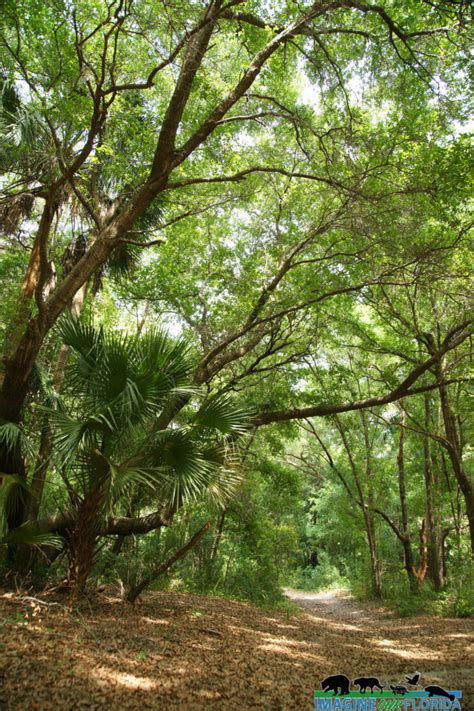 Hidden Waters Preserve | Imagine Our Florida, Inc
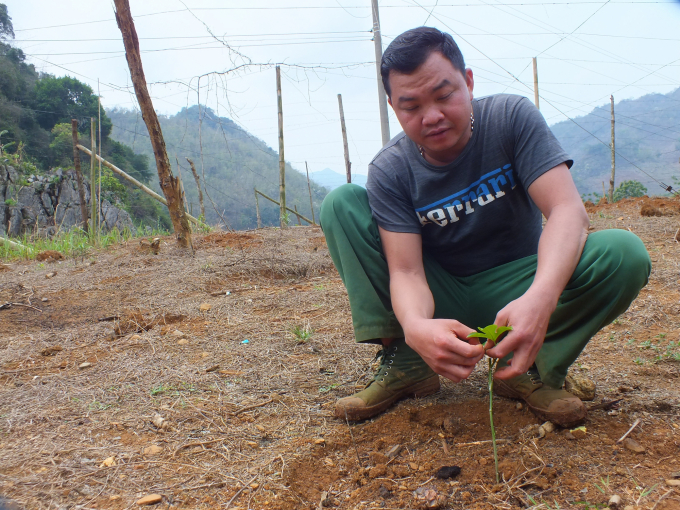 Một loại giống chanh leo không rõ nguồn gốc, phát triển rất kém mới được trồng tại xã Chiềng Lương (huyện Mai Sơn). Ảnh: Lê Bền.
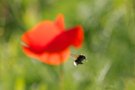 Hummel und Mohn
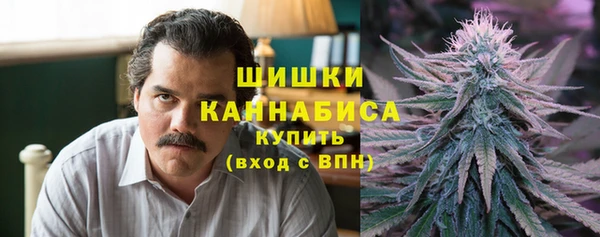 стафф Осинники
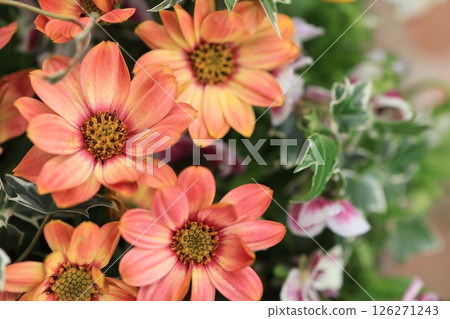 橙花 橙花 126271243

:: Work to complete ::
The answer must be an exact transcription of the lines from the one holding "Một loại giống" to the last line of the entries above, with no pictures and nothing else.

:: Solved problem ::
 Một loại giống chanh leo không rõ nguồn gốc, phát triển rất kém mới được trồng tại xã Chiềng Lương (huyện Mai Sơn). Ảnh: Lê Bền.
 Hummel und Mohn
 стафф Осинники
 橙花 橙花 126271243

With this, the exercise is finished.